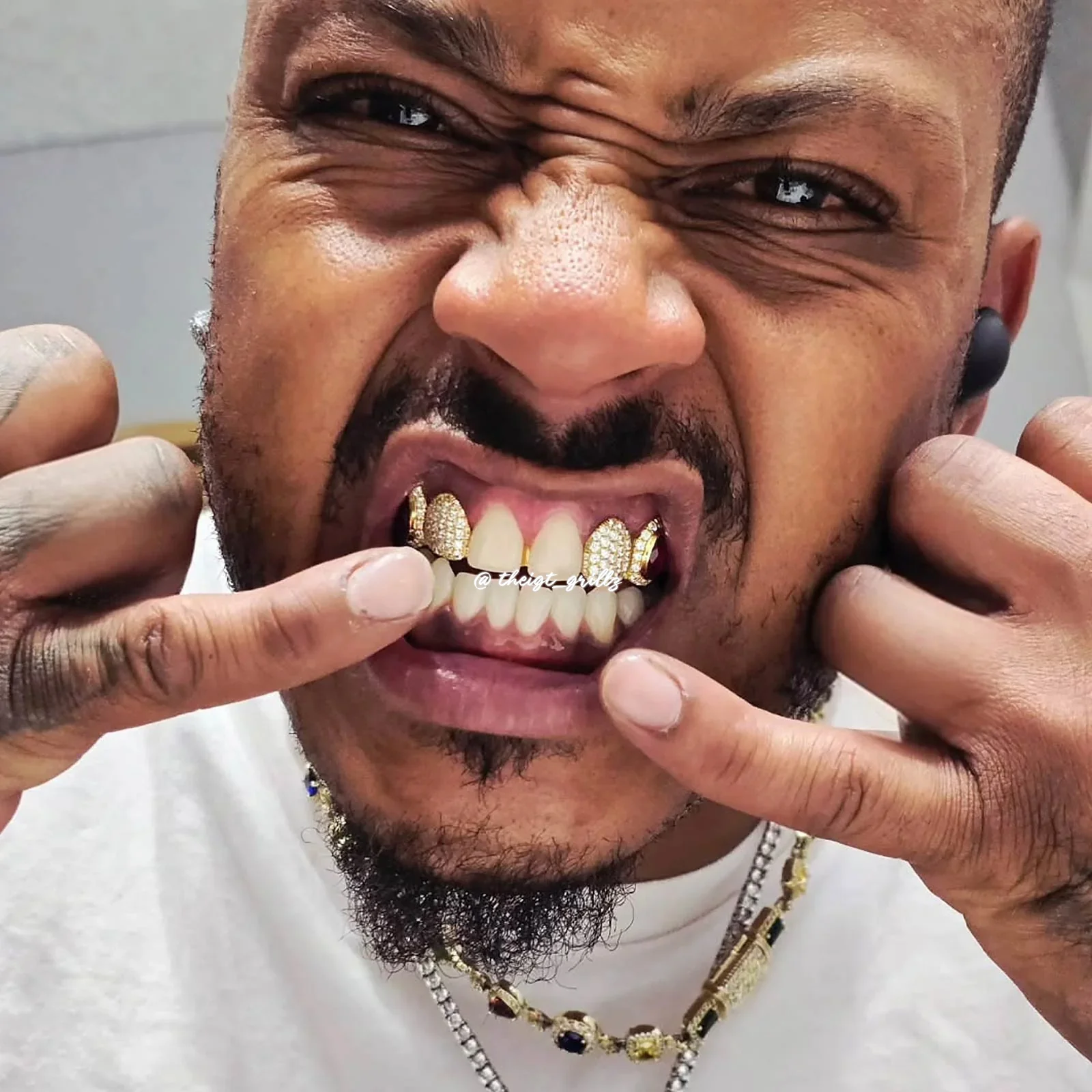 Pave & Bezel Set w Pear Cut Drip Diamond Grillz - Image 3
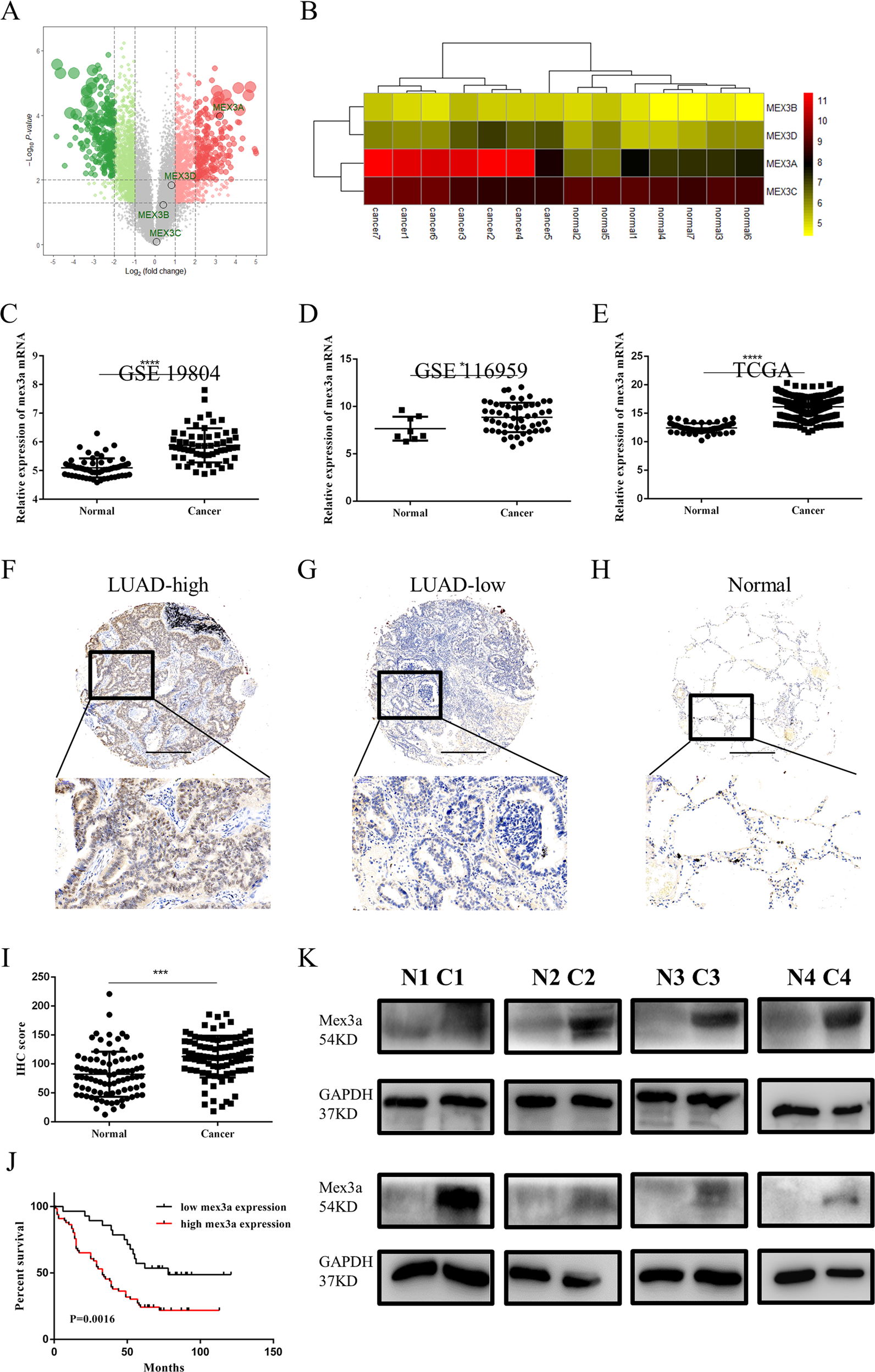 Fig. 1: Expression and prognostic significance of mex3a in LUAD.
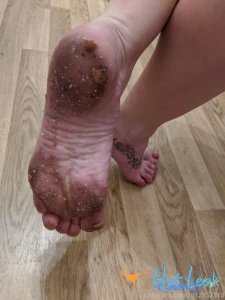 11522864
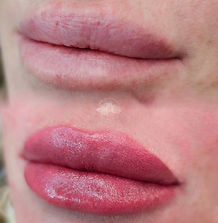 Lip blush restorative work, saying goodbye to a scar in her top lip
--------------------------------------------------
▸ **Your instructions**
An exact copy is needed of the lines running from the one with "Fig. 1: Expression" through the end of the data above, and of those lines only, without pictures.

▸ **Reply to the exercise**
 Fig. 1: Expression and prognostic significance of mex3a in LUAD.
 11522864
 Lip blush restorative work, saying goodbye to a scar in her top lip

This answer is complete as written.